In this embodiment, the database (DB1) 105 is a database of the migration destination system (referred to as “migration destination database”). The database (DB2) 106 is a database that stores cleansing target data. In the following, the database (DB1) 105 and the database (DB2) 106 are also referred to as the database DB1 and the database DB2 simply by removing the reference numbers.

The data analysis unit 101 reads the migration destination database DB1 and acquires information such as the number of attributes and the number of tuples.

The rule extraction / selection unit 102 extracts a rule group (CFD rule set) from the migration destination database DB1, excludes a rule having high data dependency from the extracted rule group, and removes the remaining rule group as a data non-data. The dependency rule group 108 is selected. For example, the rule extraction / selection means 102 uses training data (Dtrain) and test data (Dtest) for the data in the migration destination database DB1 in k ways (where k is a predetermined positive integer). From the CFD rules extracted from the training data (Dtrain), for example, rules that have been established m times or more (0 <m <k) out of k times are selected from the test data (Dtest).

The rule number estimation means 103 reads the data of the cleansing target data (database DB2) 106 and calculates an estimated value of the rule that should be established in the cleansing target data. The rule number estimation means 103 is, for example,
The total number of rules of the CFD rule set (data independent rule group 108) selected by the rule extraction / selection means 102;
The number of tuples of the database DB1 acquired by the data analysis means 101, and the number of different values of the specified column of the database DB1,
CFD to be established in the database DB2 using at least one of the number of tuples of the database DB2 storing the cleansing target data, the number of different values of the designated column of the database DB2, and the number of CFD rules established in the database DB2. Calculate an estimate of the total number of rules. Note that the column designation may be input to the cleansing end condition estimation device 100 via the input means (not shown) from the user (worker) or the like as the parameter 104 and supplied to the rule number estimation means 103, for example. Good. In FIG. 1, the data analysis unit 101, the rule extraction / selection unit 102, and the rule number estimation unit 103 may be realized by a program that operates on a computer constituting the end condition estimation apparatus 100. The program is stored in, for example, a magnetic or optical recording medium (device), a semiconductor memory (for example, a read-only memory or a rewritable nonvolatile memory (EEPRROM: Electrically Erasable and Programmable Read Only Memory)), and the like.

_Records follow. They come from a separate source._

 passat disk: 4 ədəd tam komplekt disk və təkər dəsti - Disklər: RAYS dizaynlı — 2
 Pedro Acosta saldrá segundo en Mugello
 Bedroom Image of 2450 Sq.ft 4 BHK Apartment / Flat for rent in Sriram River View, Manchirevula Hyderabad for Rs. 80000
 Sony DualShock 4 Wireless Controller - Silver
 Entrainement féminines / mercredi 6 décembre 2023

The operation (processing) of this embodiment will be described with reference to the flowchart of FIG.

The data analysis unit 101 acquires information (data size information) related to the migration destination database DB1 (step A1 in FIG. 2).

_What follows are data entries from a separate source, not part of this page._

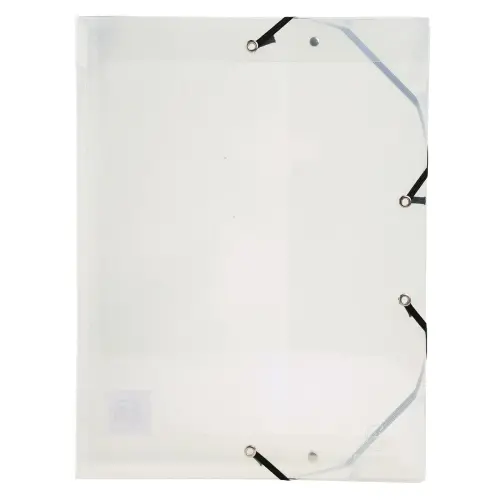 Klasseerdoos CRYSTAL PP rug 60mm transp.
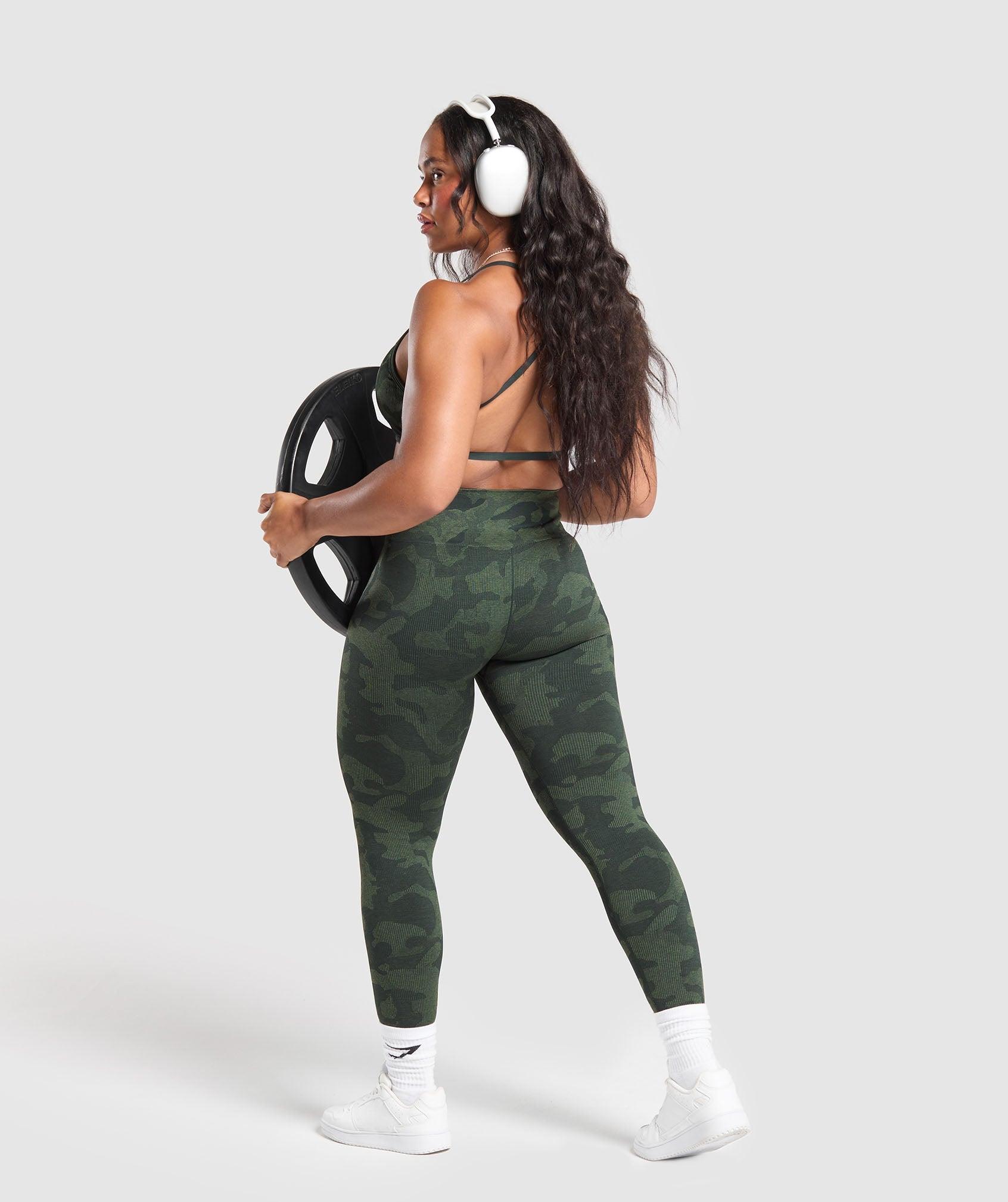 Adapt Camo Seamless Leggings Product Image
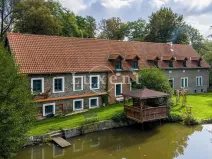 Prodej rodinného domu, Stříbrná Skalice, 1700 m2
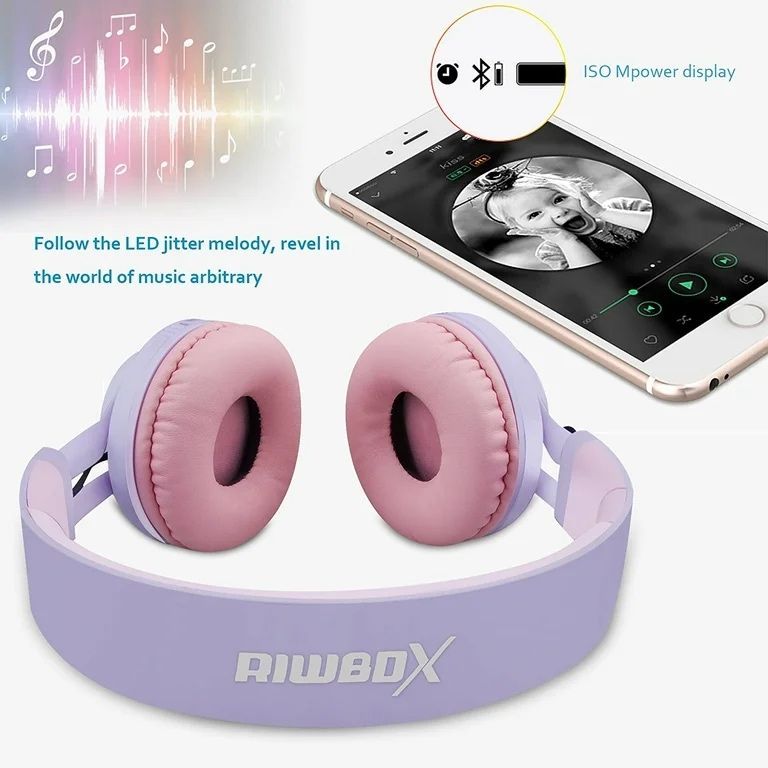 Headphones/Wireless-Слушалка+ подарък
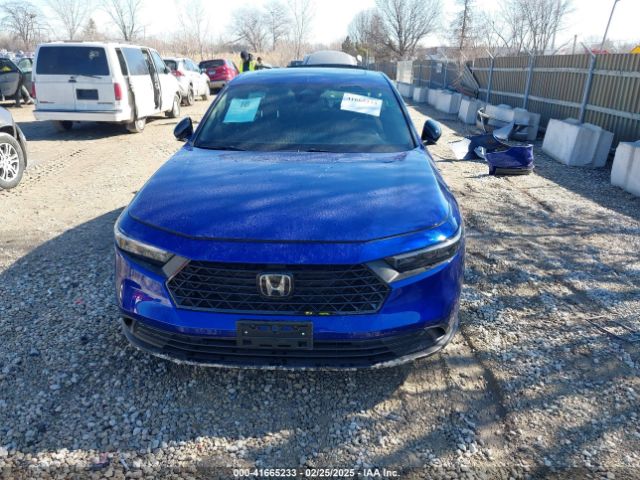 1HGCY2F55RA073118 Honda Accord Hybrid Sport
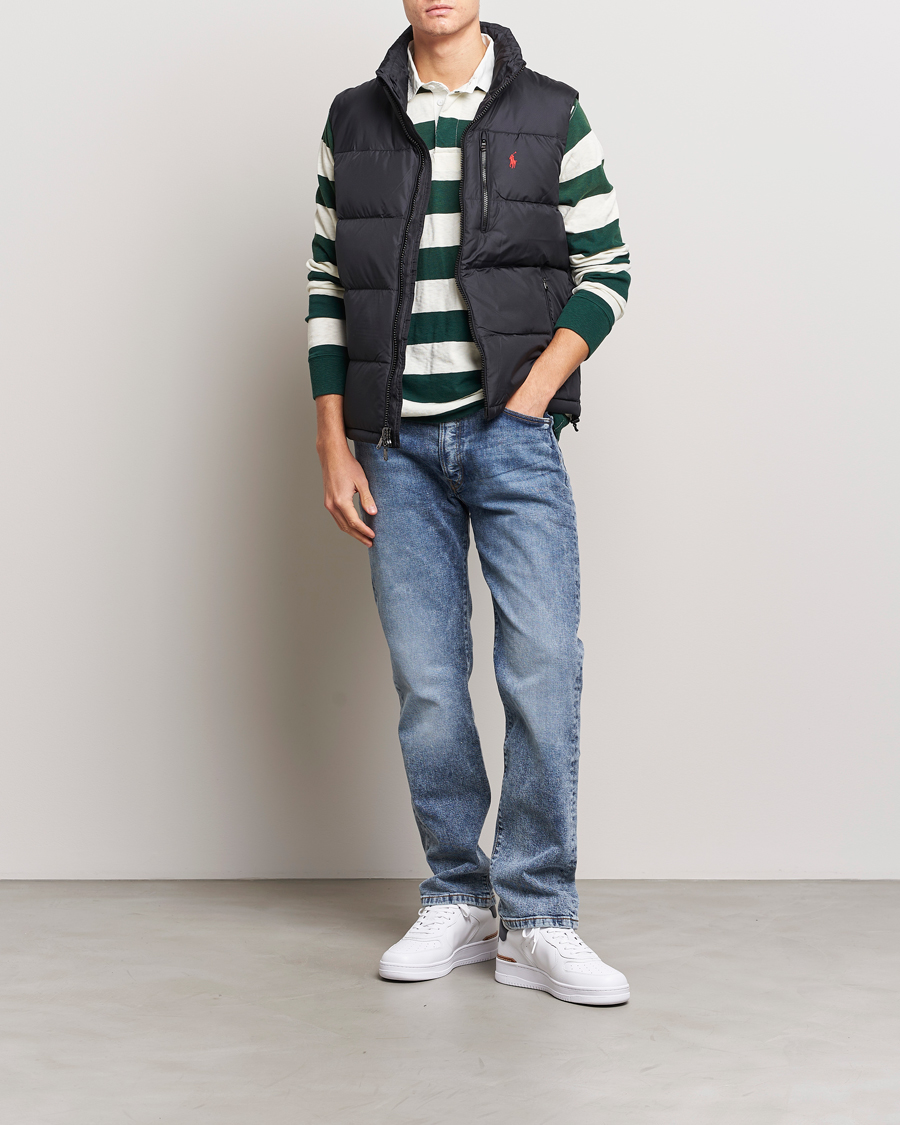 Hombres | Abrigos y chaquetas | Polo Ralph Lauren | El Cap Down Vest Black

The rule extraction / selection unit 102 divides the data in the migration destination database DB1, extracts the rules, excludes the rule determined to have high data dependency from the extracted rule group Σ, and removes data independence. A rule group is selected (step A2).

The rule number estimation means 103 calculates an approximate number (estimated value) of the total number of rules to be established in the cleansing target data (database DB2) (step A3).

Note that it is assumed that the column correspondence between the migration destination database DB1 and the database DB2 storing the migration source cleansing data is performed in advance before the execution of the processing of FIG. However, it is not necessary to associate values between the associated columns. When the database has a plurality of tables, the processing of steps A1 to A3 in FIG. 2 is performed for each table.

Referring to the flowchart in FIG. 3, the process in step A2 in FIG. 2 will be described.

The rule extraction / selection unit 102 refers to the migration destination database DB1 and acquires information such as the table size (number of tuples) of the migration destination database DB1. For example, when a table in the migration destination database DB1 has contents as shown in FIG. 5, for example, the number of tuples (the number of rows in the table) = 10 is acquired as the table size.

The rule extraction / selection means 102 divides the migration destination database DB1 into training data and test data by k methods (step A2-1).

The value of k is determined by the table size and sampling method (boot-strap method, cross-validation method, etc.) of the migration destination database DB1 acquired by the rule extraction / selection means 102.

In the case of the bootstrap method, test data with an appropriate number of tuples n is extracted k times from the migration destination database DB1, and the rest is used as training data (training data). At this time, there may be an overlap between 1 to k test data sets.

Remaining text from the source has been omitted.